Stacks2: process_Radtags won't find paired-end data

Hi everyone!

I’m trying to use the tool Stacks2 : process_radtags to demultiplex paired-end data. I’ve got 2 huge files, R1 and R2, each one at about 45 Gb, in fastqsanger.gz format. The problem I encounter is that when I select “paired-end files” in the first line of the tool, it can’t find my data files. On the other end, if I leave it at “Single-end files”, it finds both of the files with no problem. Should I interlace my two files for this tool to work?

Can anyone help me with this small issue?

Thanks!

Hi @Joelle99,
you need to create a paired collection. In order to do it you need to select Operation on multiple datasets, then select your paired files and finally Build a Dataset Pair.

Regards

1 Like

Hi, and thank you for your answer!
Sadly, I had already tried beforehand to build a dataset pair, but it still can’t find my file with my two reads…

Have you double checked that the format that was assigned by Galaxy is what the tool requires?

Yes I did ! Here’s what they ask for :
image

Both of my files are in fastqsanger.gz, which should then be fine I guess…

Is that the value Galaxy assigned to the uploaded files? You can double check by clicking the edit attributes pencil icon on the dataset, then going to the “Datatypes” tab

Yes it is! Here’s one file for example :
image

Can you do a screen cap of the collection you had created?

There you go!

I’ll admit I have zero experience working with paired collections. Are you sure this is a ‘list:pair’ and not somehow a ‘pair’.
Someone else is going to have to weigh in on this.

1 Like

Well, I followed @gallardoalba instructions so I guess it must be okay? To be honest, this is my first time analysing sequencing data, so I’m just starting to learn how Galaxy (and Rad-Seq analysis) works…

Hi Joelle!

Thank you for reporting your issue. It seems to me there is something wrong somewhere… First, on the process radtags tool (-> maybe it can be of interest for us to know if are you using the last version of the tool ? / in which Galaxy instance ?) , if you have paired-end data, you need to select as input, R1 file(s) (or collection) in the first “paired-end reads infile(s)” ““box”” and R2 file(s) (or collection) in the second “paired-end reads infile(s)” ““box””. So here, it seems to me you created a collection with both R1 and R2 files, so it’s a good dataset pair ;), but with this tool, you need to use separately R1 and R2. After saying that, normaly this tools is not “looking” at the name or content of the files when you are “just” selecting it… so… normally, if the datasets formats are ok, the tool will display these datasets on the “select box”… One exaplanation for ma can be that there is an issue using fastqsanger.gz WHEN in a collection… so MAYBE, you need to use Fastqsanger or fastqsanger.gz input files (so not in a collection) OR use fastqsanger files if in a collection… I have to test it!
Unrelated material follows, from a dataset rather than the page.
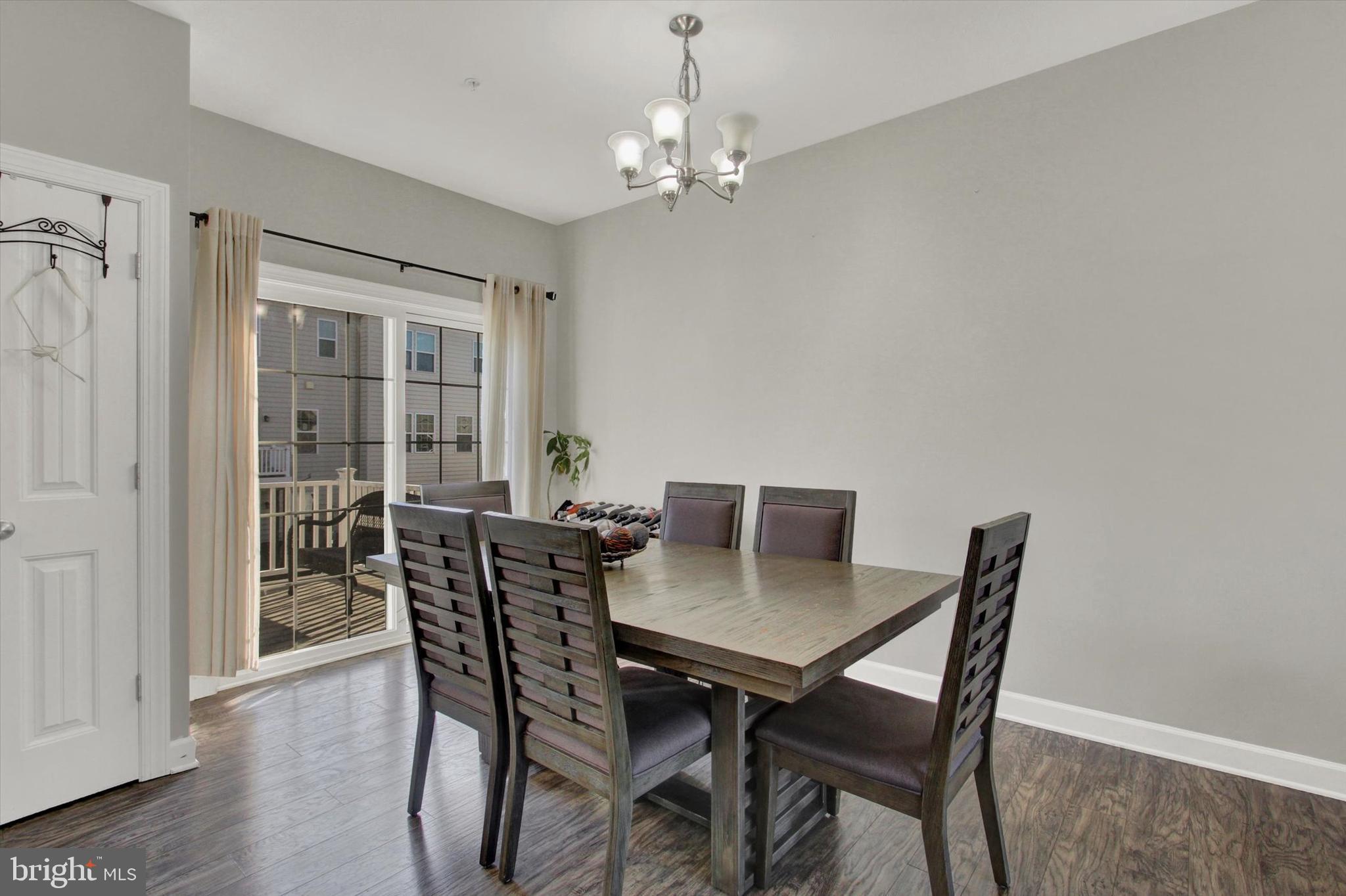 30 Brookside Avenue Hanover, PA 17331 - Photo 13 of 23 a view of a dining room with furniture and wooden floor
So, please, can you try to “just” select your fastqsanger.gz from your history (not in collection) ? And please, pay attention to the fact that your files need to be named something like"name_R1_001.fastq" and “name_R2_001.fastq” so the execution of the tool can work :wink:

Additionally, don’t hesitate to share your history so I can have a look.

1 Like

Hi! Thanks a lot for your return.

So I first used Stacks:process_radtags (Version 1) with no problem with the same files. But, for any reason, it won’t detect my files (even if the files are separate, i.e not in a collection) with Stacks2:process_radtags (Version 2). I am working in the EU instance of Galaxy. Here are my two files :

Thank you! :slight_smile:

OK! It appears there is a pb with the last stacks2 process radtags tool … And I don’t know why, there is no more process radtags tool named as the last one I used. Can you try to access and use this last version who is working for me on eu but seems to be ~hidden : the last procrad tool who is working properly for me

1 Like

Hi again :slight_smile:

Yes, this is also the version I used (1.46), it works well! I based my analysis on this one since I wasn’t able to make the new one (version 2.4) work. I just wished to be able to use the new one in the future as it seems a few improvements were done. But if there’s a true bug, I at least know that it’s not my fault if I can’t get it to work!

I’ll keep checking in the future to see if the bug is resolved and the tool usable for my analysis.

Thank you! :slight_smile:

Hi again :wink:

In fact, it appears that to work properly with the 2.4 tool version, you need to use the “Build list of Dataset Pairs” function, not “Build a Dataset Pair”, even if you only have one pair… I think this will be ok!

2 Likes

It does work!!!

Thank you very much for your time and answer! I’ll be able to test this new version now :slight_smile:

Have a good day/evening!

1 Like